A tropical storm warning was issued Thursday afternoon from Cape May, N.J., to Watch Hill, R.I. The warning, forecasters said, also includes New York.
Fay is expected to strengthen into Friday before moving inland, at which point it should weaken.
Global News meteorologist Anthony Farnell says “Fay won’t have time to intensify much” but added that “a storm in late August or September moving north up the coast would be big trouble.”
“Fay is a weak tropical storm with winds of only 80 kph, but will be a big rain producer for the U.S. northeast and southern Quebec,” Farnell told Global News. “Fay is tracking north and will make landfall Friday afternoon in New Jersey and move into southern Quebec on Saturday as a weakening tropical depression.”
Quebec will likely experience heavy rain that could also be seen in southern Ontario and all the way into Atlantic Canada, too.
“A widespread 20 to 40 millimetres of beneficial rain will impact this drought-stricken corridor, but locally, up to 80 millimetres is possible, which could cause some minor flooding,” he added.
The U.S. National Hurricane Center in Miami, Fla., said the storm is expected to have a faster forward speed over the next couple of days.
Fay’s top wind speeds hit a high of 75 kilometres per hour, and the storm was moving forward northerly at 13 kph on Thursday.
Previous to Fay was Cristobal, which formed in early June and was downgraded from a tropical storm to a tropical depression.
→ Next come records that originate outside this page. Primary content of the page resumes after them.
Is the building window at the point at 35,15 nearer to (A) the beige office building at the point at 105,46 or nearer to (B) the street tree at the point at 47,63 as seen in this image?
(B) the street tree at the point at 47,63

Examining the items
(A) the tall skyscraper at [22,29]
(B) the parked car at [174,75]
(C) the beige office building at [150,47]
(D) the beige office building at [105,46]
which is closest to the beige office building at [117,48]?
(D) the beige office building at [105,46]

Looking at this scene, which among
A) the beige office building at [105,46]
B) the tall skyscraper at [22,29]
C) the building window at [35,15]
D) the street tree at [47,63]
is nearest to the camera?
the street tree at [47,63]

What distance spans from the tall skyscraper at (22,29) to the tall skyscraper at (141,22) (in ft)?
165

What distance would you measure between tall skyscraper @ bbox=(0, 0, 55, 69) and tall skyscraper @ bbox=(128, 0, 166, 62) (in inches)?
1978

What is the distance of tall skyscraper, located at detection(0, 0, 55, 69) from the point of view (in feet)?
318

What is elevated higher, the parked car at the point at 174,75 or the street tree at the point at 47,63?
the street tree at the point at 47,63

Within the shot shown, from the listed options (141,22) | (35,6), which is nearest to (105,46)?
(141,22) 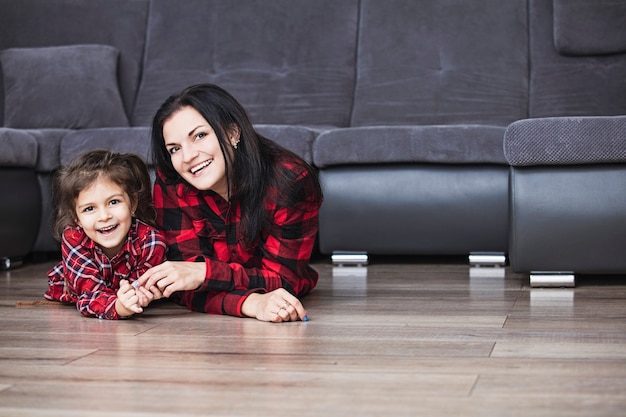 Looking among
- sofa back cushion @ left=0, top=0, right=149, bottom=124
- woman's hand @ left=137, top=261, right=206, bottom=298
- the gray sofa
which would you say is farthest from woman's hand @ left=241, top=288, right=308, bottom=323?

The storm brewed over southern Mexico, causing devastating flash flooding in the country.
Cristobal made history as the third tropical storm of 2020 only four days into the typical hurricane season, the Weather Channel reported.
Now, tropical storm Fay has taken the lead as the earliest sixth-named storm on record, preceded by storms Dolly and Edouard, according to Colorado State University hurricane researched Phil Klotzbach.
This record, Klotzbach tweeted, was previously held by tropical storm Franklin in 2005.
So far, none of them have become hurricanes.